NZOG has a secured Pike River debt of $51.5 million and unsecured debt of $14.6 million.

Its chief executive, David Salisbury, said it could "reasonably expect to recover the secured debt". Recovery of the unsecured debt was also possible, but less certain so an impairment had been taken against that and against NZOG's Pike River shareholding, which had a book value of $77.1 million.

He said indicative bids for the West Coast mine had been whittled down to "a number" of serious contenders and site visits had been arranged.

He would not give details of who was still in the running but Solid Energy has publicly declared its interest in the mine and a Chinese company is also understood to be providing a binding bid.

"The process is making good progress, there are a number of competing bidders which we find encouraging and it's helpful at the same time this mine stabilisation is almost completed."

Pike River's receivers said yesterday they hoped to have a deal done by the end of the year.

"A number of the bidders are foreign," said Salisbury.

"I would expect the final negotiation of some of the contract terms may take a little while - there are a number of sensitivities, commercial and otherwise."

The mine had insurance with an upper ceiling of $100 million and there was now good progress being made on processing the claim.

NZOG also revealed it may spend up to US$100 million ($120 million) on exploration overseas within the next six months, either in Indonesia or Tunisia where it already has smaller projects under way.

The company has cash reserves of $149 million, comprising $86 million in net cash and a $63 million fully drawn debt facility.

"If we'd just returned that capital to investors we would not be able to commit to that level."

Debt funding to pursue new deals had been difficult to raise during the past two years, Salisbury said.

He would not give any further detail on the latest prospect.

NZOG full-year revenue fell 7 per cent from a year earlier to $106.5 million, while earnings before interest, tax, depreciation, amortisation and exploration were down to $58.5 million from $64.5 million.

The Kupe gas and oil field off the south Taranaki coast now provides the highest revenue - $66.3 million - while the Tui field provided $40.1 million.
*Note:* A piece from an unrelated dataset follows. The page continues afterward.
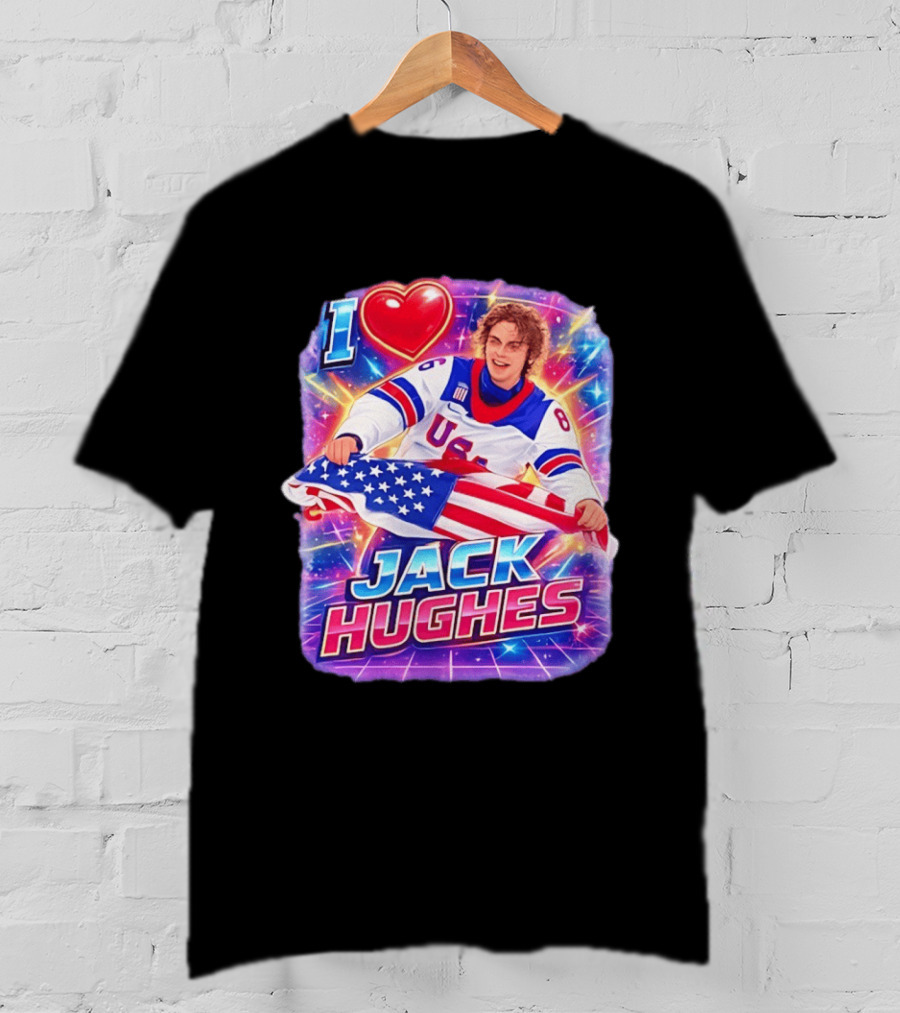 I Love Jack Hughes USA Hockey Flag Celebration T-Shirt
In July, Tui field partners announced a likely reduction in Tui reserves to between 40 million and 42 million barrels of oil, down from the 50.5 million previously estimated.

NZOG said its most advanced opportunity lay in a permit in the southern offshore Taranaki basin, where it was looking to drill this summer. The Kakapo area was previously known as Kaupokonui, where estimates of mean prospective resources in excess of 200 million barrels of oil have been identified.

Australian listed resource company Raisama has joined the licence as a 10 per cent partner and will meet 20 per cent of the cost, subject to a cap, of the first well, with other companies reviewing detailed data as NZOG looks for an additional joint venture partner, according to Salisbury.

The drill or drop commitment deadline for the permit has been extended to January next year, but NZOG is keen to drill this summer if a suitable rig can be found.

During the year prices NZOG got for oil increased by 31 per cent in US dollars but because of the strong Kiwi dollar this reduced to 19 per cent better returns per barrel.

$8M DIVIDEND NICE SURPRISE

New Zealand Oil and Gas has surprised the market by paying a dividend for the past year.

The company will pay a fully imputed dividend of 2c per share. Following the Pike River Coal disaster, NZOG's board said in February there would be no dividend for the 2011 financial year.

However, since the start of the year its two Taranaki oil and gas fields have been providing steady cash flow.

Because of this performance the board had decided to pay the dividend which will cost around $8 million.

NZOG shares closed steady at 62c yesterday.